» Records supplied
• • • • • • •

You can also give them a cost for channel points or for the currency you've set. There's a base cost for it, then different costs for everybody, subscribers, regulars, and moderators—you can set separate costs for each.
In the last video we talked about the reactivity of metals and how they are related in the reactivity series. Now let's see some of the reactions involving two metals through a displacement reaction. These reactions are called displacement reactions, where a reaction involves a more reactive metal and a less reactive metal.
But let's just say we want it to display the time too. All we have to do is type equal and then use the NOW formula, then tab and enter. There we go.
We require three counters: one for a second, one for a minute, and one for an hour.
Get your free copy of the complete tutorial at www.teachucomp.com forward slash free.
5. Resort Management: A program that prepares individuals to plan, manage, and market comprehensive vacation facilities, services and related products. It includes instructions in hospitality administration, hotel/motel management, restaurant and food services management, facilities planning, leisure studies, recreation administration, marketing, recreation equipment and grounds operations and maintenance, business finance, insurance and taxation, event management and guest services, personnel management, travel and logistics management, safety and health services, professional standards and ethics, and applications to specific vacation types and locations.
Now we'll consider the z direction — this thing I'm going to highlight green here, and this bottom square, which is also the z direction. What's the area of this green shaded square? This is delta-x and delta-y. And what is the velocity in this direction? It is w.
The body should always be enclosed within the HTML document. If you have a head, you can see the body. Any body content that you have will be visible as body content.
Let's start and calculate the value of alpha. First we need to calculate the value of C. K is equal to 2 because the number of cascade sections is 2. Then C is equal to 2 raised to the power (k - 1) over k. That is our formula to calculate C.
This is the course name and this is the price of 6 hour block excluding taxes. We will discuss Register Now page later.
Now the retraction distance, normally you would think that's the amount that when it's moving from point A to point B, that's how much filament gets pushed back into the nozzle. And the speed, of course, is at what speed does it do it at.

• • • • • • •

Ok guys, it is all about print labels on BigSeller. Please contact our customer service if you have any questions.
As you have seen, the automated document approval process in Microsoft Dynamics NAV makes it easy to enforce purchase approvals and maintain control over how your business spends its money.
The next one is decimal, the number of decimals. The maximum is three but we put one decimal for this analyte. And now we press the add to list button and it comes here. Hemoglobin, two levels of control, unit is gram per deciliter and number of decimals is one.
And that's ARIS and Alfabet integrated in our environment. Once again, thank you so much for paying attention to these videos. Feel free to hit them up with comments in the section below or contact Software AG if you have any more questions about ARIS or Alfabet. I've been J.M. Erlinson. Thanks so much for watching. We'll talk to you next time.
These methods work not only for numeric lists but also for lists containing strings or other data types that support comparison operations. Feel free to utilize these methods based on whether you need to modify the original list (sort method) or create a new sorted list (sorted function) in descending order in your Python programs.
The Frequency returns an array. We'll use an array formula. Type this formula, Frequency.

• • • • • • •

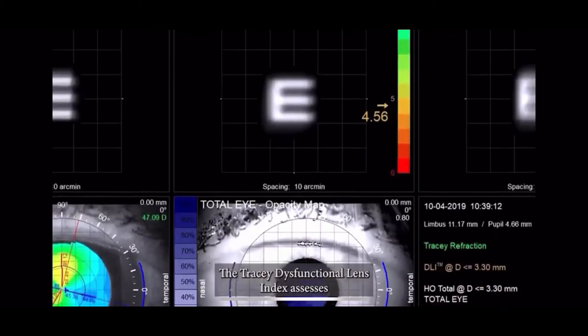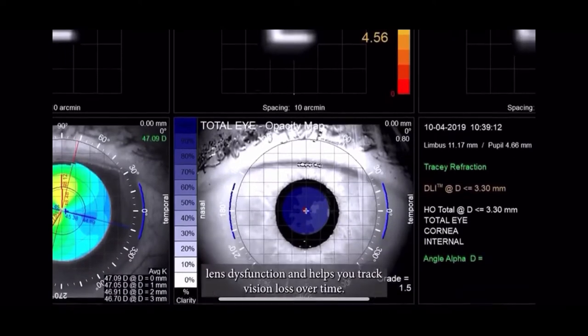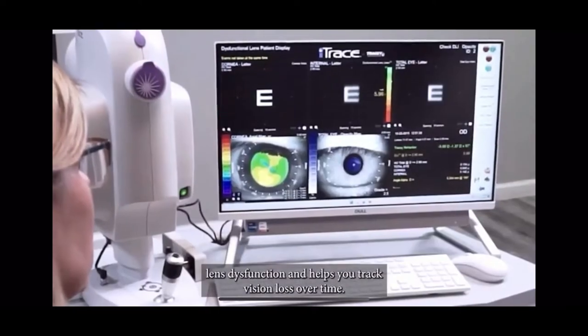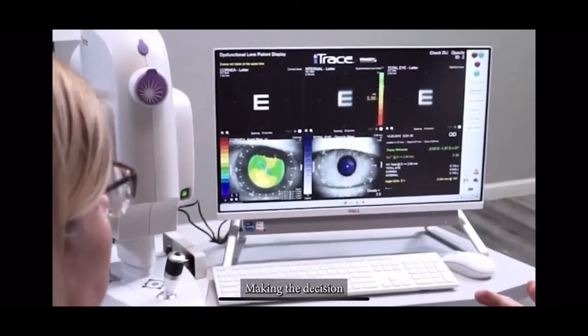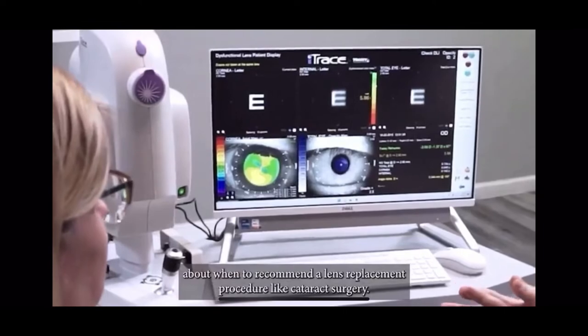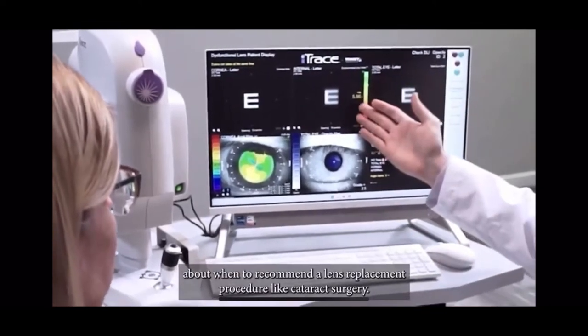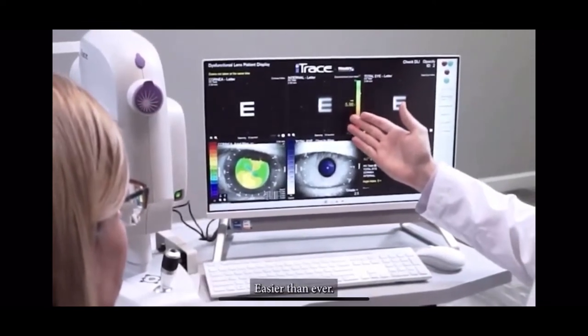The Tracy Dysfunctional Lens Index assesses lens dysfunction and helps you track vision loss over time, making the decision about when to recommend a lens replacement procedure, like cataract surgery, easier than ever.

• • • • • • •

» Problem details
Within the listing above, extract exactly the lines from the line with "We require three" to the line with "5. Resort Management: A", the two named lines included, and no others.

» Exercise answer
We require three counters: one for a second, one for a minute, and one for an hour.
Get your free copy of the complete tutorial at www.teachucomp.com forward slash free.
5. Resort Management: A program that prepares individuals to plan, manage, and market comprehensive vacation facilities, services and related products. It includes instructions in hospitality administration, hotel/motel management, restaurant and food services management, facilities planning, leisure studies, recreation administration, marketing, recreation equipment and grounds operations and maintenance, business finance, insurance and taxation, event management and guest services, personnel management, travel and logistics management, safety and health services, professional standards and ethics, and applications to specific vacation types and locations.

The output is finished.